Unfortunately, some critics of text messaging prices seem to ignore the fact that text messaging operates through advanced wireless networks that are expensive to build, maintain, upgrade, and expand. CTIA’s semi-annual survey, for instances, asserts that wireless capital expenditures totaled $217 billion from 1998-2008. Carriers reported an average combined investment of $22.8 billion per year from 2001-2008 to upgrade their networks. Just because the marginal cost of transmitting a text message through a wireless carriers' network may be a miniscule fraction of a $0.20 cent per-message price doesn't mean the wireless carriers aren't in need of recovering the cost of these extraordinary capital expenditures. Answering these same kinds of short-sighted complaints about text messaging prices, the judge wrote:
Even if the Court assumes, as plaintiffs allege, that [wireless carriers'] pricing for individual text messages resulted in revenues that were "several thousand times what it actually costs" to transmit a text message… plaintiffs have "done nothing more than assert that profits were extraordinary... not… that they were beyond those afforded by a competitive market."… Where, as here, the fixed costs associated with an industry are high… self-interested producers might attempt to charge higher than marginal cost prices for their products in order to recover some of their fixed costs.
Skyrocketing volumes of text messaging traffic strongly suggests that the free marketplace is matching supply with demand.

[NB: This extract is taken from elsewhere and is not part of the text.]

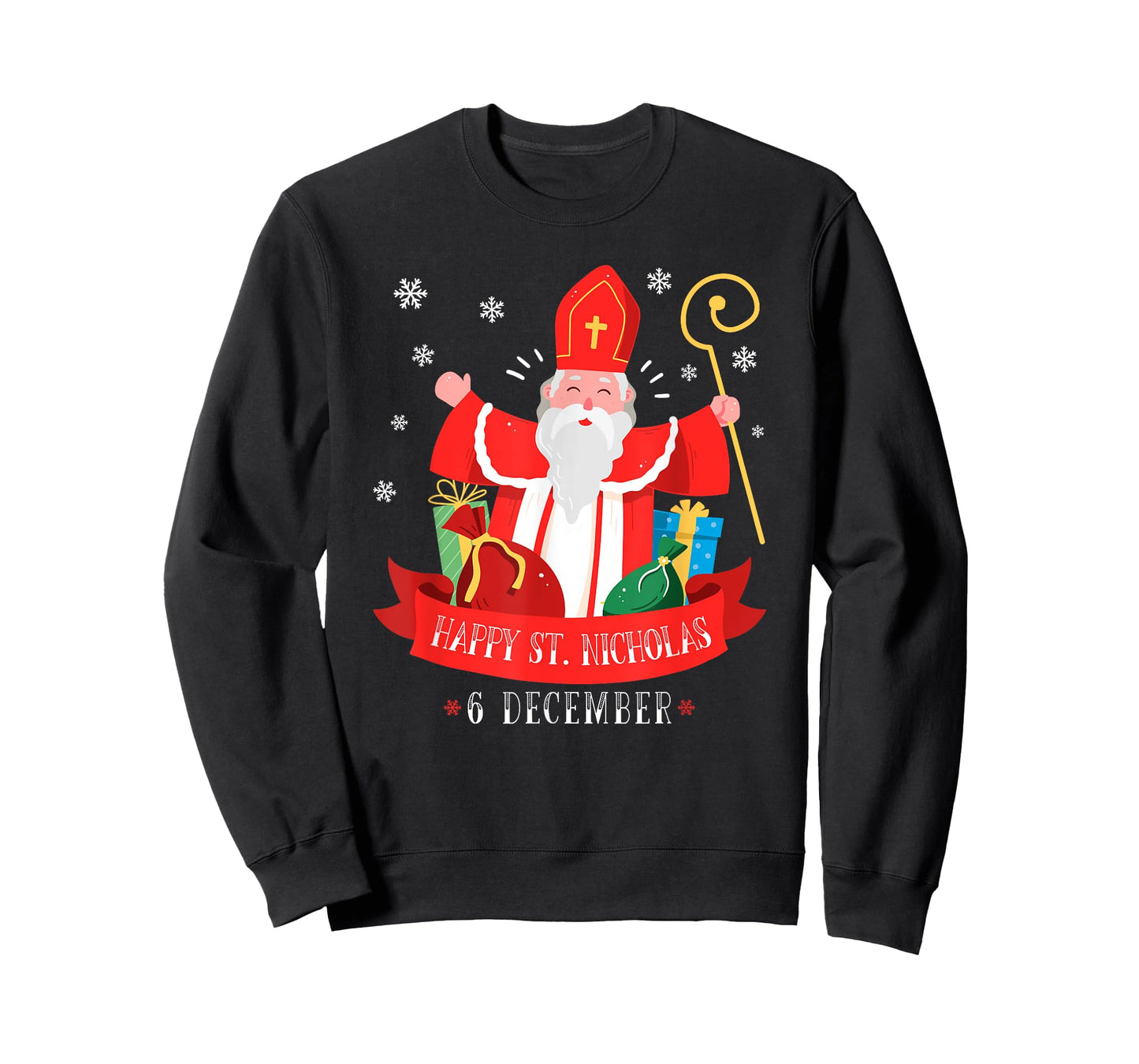 The Best Christmas Designs Happy St. Nicholas December 6th Feast Day Europe Celebration T-Shirt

The 1 trillion text messages sent last year alone speak to the apparent success of wireless carriers finding price points that consumers find agreeable. Calls for investigations and regulations of text messaging prices are particularly shortsighted when text messaging is taken in isolation. Wireless voice and data services have decreased in recent years and there are benefits to bundled offerings of text messaging with other such services. Marketplace interventionists who dislike current text messaging prices and demand change have a heavy burden to explain why their conjectural price preferences are better than consumers' actual price preferences.